Slide 7: There are 3 principal design options for tailings dams: upstream, downstream and centerline. These design options may be applied alone or in combination. The selection of design is based on a number of factors including dam siting, geology, seismicity, climatic conditions, construction materials and the nature of the tailings.
Upstream dam construction relies on the integrity of the tailings themselves (or sands as they are sometimes called) and as such they require greater ongoing scrutiny on key operational aspects such as water management, the width of the tailings beach (the drained solids left after deposition which contribute to embankment stability) and tailings deposition (which may change if there are changes for example to the ore being processed).

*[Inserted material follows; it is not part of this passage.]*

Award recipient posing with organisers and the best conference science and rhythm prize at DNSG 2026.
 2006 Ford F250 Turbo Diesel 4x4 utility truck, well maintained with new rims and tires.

In contrast, downstream dams are often constructed with rock, with subsequent raises extending outwards or downstream from the initial embankment. Centreline construction is similar, however the dam maintains a fixed centre line as subsequent raises are built. As such, one of the main advantages centerline dams have is that they do not occupy as large a footprint of land as downstream dams and can therefore be useful where there are constraints in terms of land availability.
When dams apply a combination of these methods they may be referred to as hybrid.
Slide 8: Given tailings dams are dynamic structures, maintaining dam integrity requires an ongoing focus on appropriate engineering design, quality construction, operating discipline and effective governance.
There are a range of factors which can influence dam integrity. These include:
- Whether appropriate consideration has been given to local site conditions such as seismicity and hydrology;
- The quality assurance and quality control that is applied to dam construction and the materials used for construction;
- The ongoing focus on operating discipline including - the nature of the tailings themselves and how they are deposited; how water is managed; the effectiveness and analysis of monitoring and the assessment of changes during dam life.
Slide 9: Tailing dam classification systems have been introduced to ensure a level of consistency is applied to the design and management of dams to promote integrity and reduce the risk of catastrophic failure.
BHP applies two main classification systems: that of the Canadian Dam Association (CDA) and that issued by the Australian National Committee on Large Dams (ANCOLD). There are also local regulated classification systems in some regions. For the purposes of this presentation we have aligned all classifications to that of CDA.
Dam classification is generally based on the modelled impacts following a dam break study. A dam break study being an assessment of the possible impacts that may arise from the hypothetical most significant failure mode for the facility, regardless of the probability of failure or controls that may be in place to manage the risk of failure.
This doesn’t mean that highly unlikely scenarios, such as an asteroid hitting a dam, form the basis of the modelling, but it does mean that the failure mode may represent an extreme version of a credible scenario. For example this may include an extreme 1 in 10,000 year seismic event or a Probable Maximum Precipitation event, a term the industry uses to describe the theoretical, greatest rainfall possible at a particular location, based on climate models, not climate data.
The classification of the dam is typically assigned by the external Engineer of Record (a role we will discuss later).
Both CDA and ANCOLD provide design and surveillance criteria based on the dam classifications.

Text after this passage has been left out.